Correction: Correcting yesterday's News Scan story on the Child Online Protection Act. The law was ruled against by Senior U.S. District Judge Lowell Reed Jr. in Philadelphia, not New York. This is an updated article on the ruling by Ellen Nakashima and Sam Diaz of the Washington Post.
Financial troubles in Georgia: Georgia's public defender system is going broke from the capital punishment case of Brian Nichols; an accused rapist who fled the courthouse taking a guard's gun and murdering a judge, courthouse reporter, and two people in the courthouse. An article in the New York Times by Brenda Goodman explains that the case has already cost $1.4 million and has put other death penalty cases on hold in Georgia. Senate Judiciary Chairman Preston Smith suspects that costs are being deliberately inflated to destroy the death penalty.

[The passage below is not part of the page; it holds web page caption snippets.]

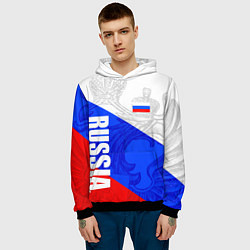 Толстовка-худи мужская RUSSIA - SPORTWEAR - ТРИКОЛОР, цвет: 3D-черный — фото 2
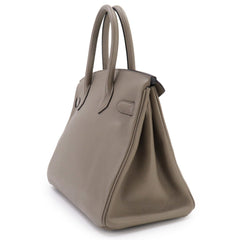 Birkin 30 Hermes HERMES Taurillon Novillo Gris Asphalt Handbag D Stamp Gold Hardware — New - Store Return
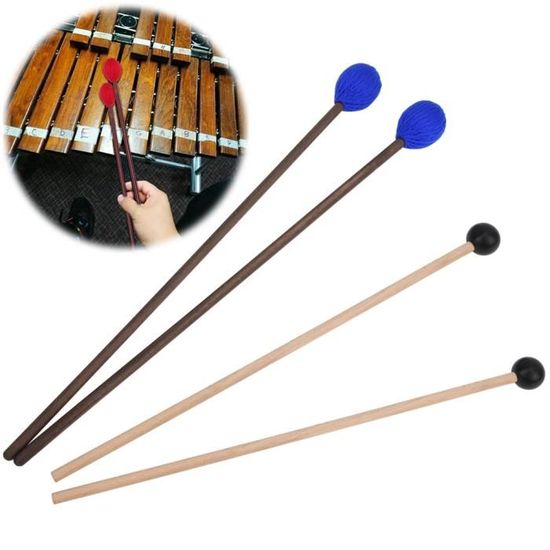 Accessoire Musique Enfant VICASKY Maillets De Xylophone 1 Paire Maillet De Marimba Mailloches Tambour Tenor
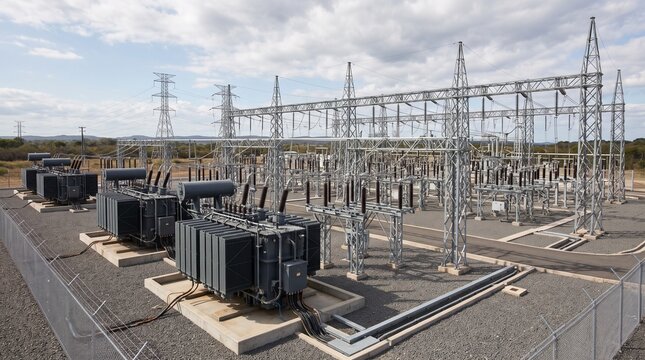 Electrical power substation with large transformers and steel towers.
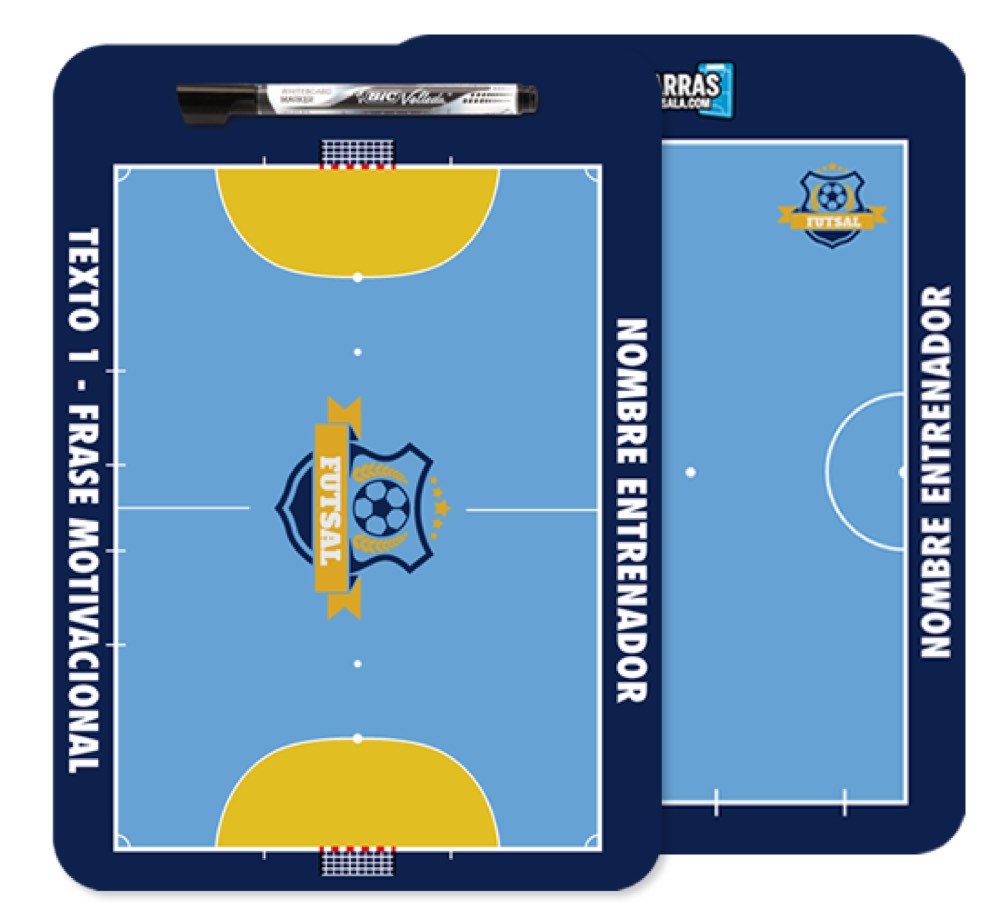 Pizarra de fútbol sala de aluminio PREMIUM con pista de parquet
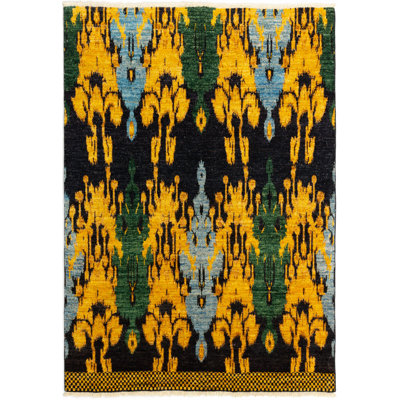 Tapis décoratif en laine de conception unique noué à la main New Age de 6 pi 1 po x 6 pi 3 po en jaune/vert/noir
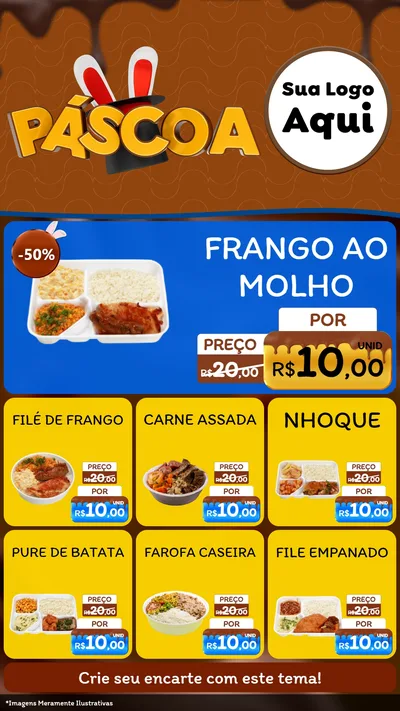 Modelo de Rede Social para Stories com o tema Páscoa para Restaurante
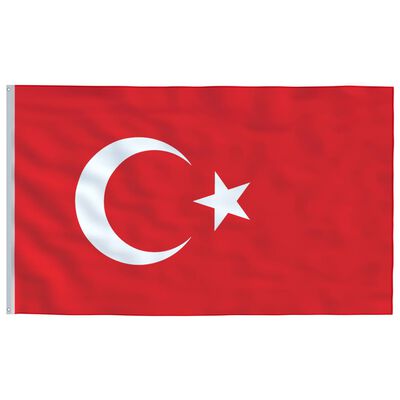 vidaXL Zastava Turčije in drog 6,23 m aluminij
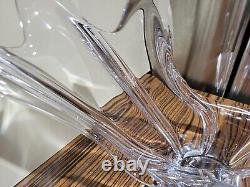 Cofrac Art Verrier France Crystal Glass Vase 13 in. Tall Heavy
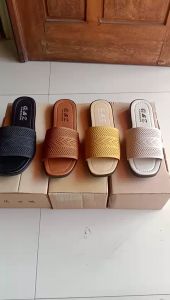 SANDAL RAJUT IMPORT WANITA/ SANDAL FLAT/ SANDAL SLOP MUSTARD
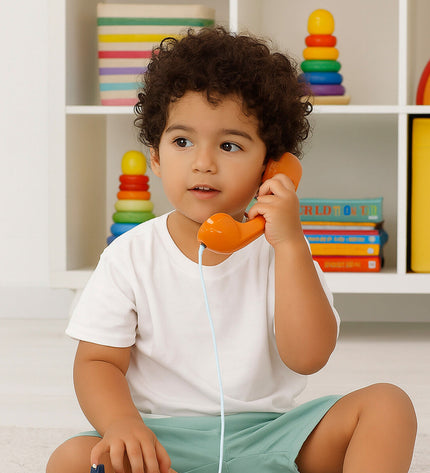 Four Bluey plastic toy phones, 16x18x8 cm, designed for pretend play and imitation games, featuring bright blue color.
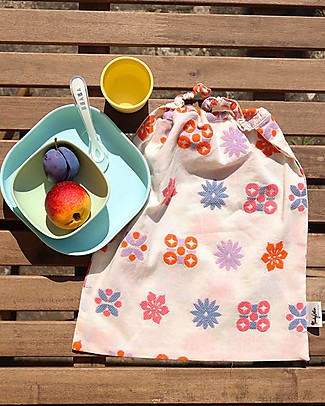 Family Nation Bavaglino con Elastico - Reversibile - Fantasia Floreale - 100% Sostenibile e Made in Toscana - Perfetti per l'Asilo! Pullover Bibs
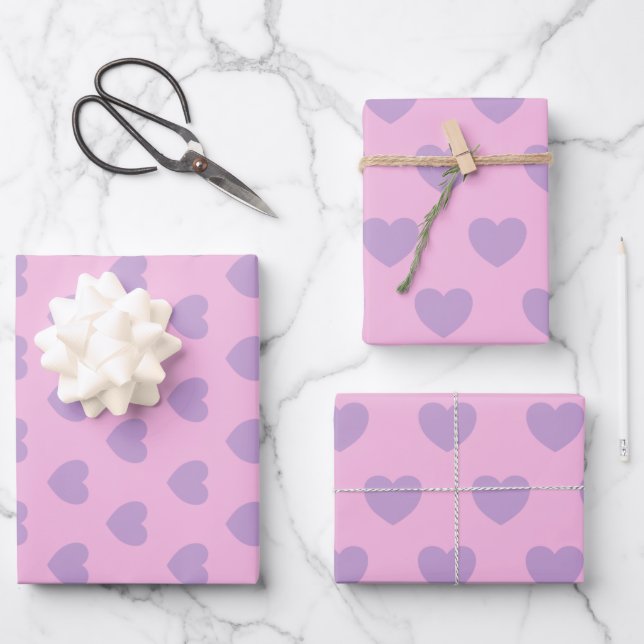 Feuille De Papier Cadeau Motif Lavande et Coeurs roses (Recto)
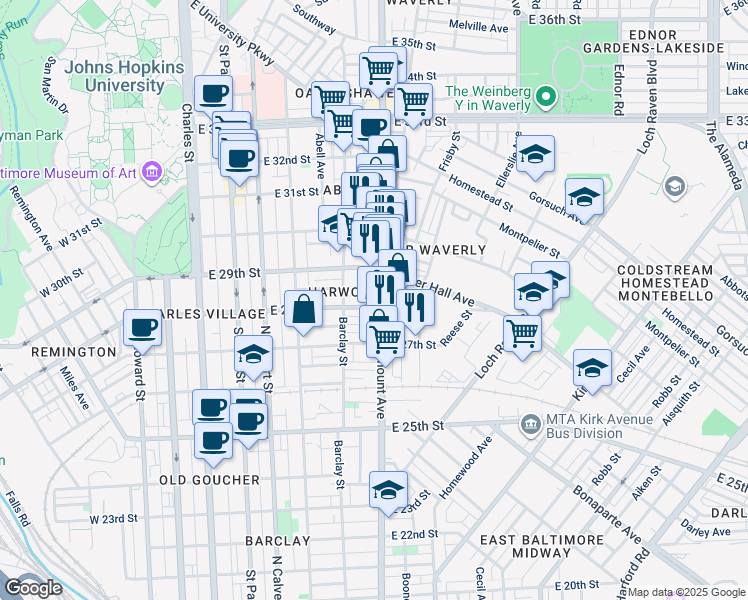map of restaurants, bars, coffee shops, grocery stores, and more near 444 East 28th Street in Baltimore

Where to put the unwanted: An article by Don Thompson in the Vallejo Times-Herald discussed the issue of recently paroled sex offenders living "in hotels throughout California, a year after lawmakers complained about the practice." 60 day notification to communities where the sex offenders are released is now one of the ways that prison officials are trying to respond to public outcry.
No Tricks Allowed: Defense Attorney Stephen Hurley of Wisconsin, is in the Supreme Court hot seat for tricking a boy into trading in his computer for a new laptop. This was done in hopes to exonerate Hurley's client, Gordan Sussman, the boy's accused molester. According to an article by CNN, "a defense analyst discovered hundreds of pornographic images on the computer, including 28 images involving children. Hurley claimed the images showed that the boy accessed child pornography and learned about sex on his own and not through Sussman." Hurley's trick has brought up the question of whether or not attorneys can "participate in covert activities."
Problems in Texas: Texas' juvenile prison system is under review of its extended prison sentences to roughly 90% of the juvenile inmates, according to this AP story. The commission reviewing the system, was created by Governor Rick Perry after the molestation of juvenile boys by officers was discovered.
A 5-4 vote by Washington Supreme Court says the Department of Corrections can take non-work related money (i.e. money from families) of inmates serving life without parole, "to pay off their legal financial obligations such as victim restitution, court costs or attorney fees." The full article can be found here.
Minnesota Supreme Court ruled in a split decision that "convicted predatory offenders who live on American Indian reservations must register with the state," according to this AP story. The ruling now makes registration on a reservation a criminal statute, giving the state the right to know where offenders live.